• Data segment:
_ _ _
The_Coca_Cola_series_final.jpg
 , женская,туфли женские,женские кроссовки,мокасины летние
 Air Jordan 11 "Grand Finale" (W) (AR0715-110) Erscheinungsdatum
_ _ _
• Requirement:
Give an exact transcription of all the material.

• Exercise solution:
The_Coca_Cola_series_final.jpg
 , женская,туфли женские,женские кроссовки,мокасины летние
 Air Jordan 11 "Grand Finale" (W) (AR0715-110) Erscheinungsdatum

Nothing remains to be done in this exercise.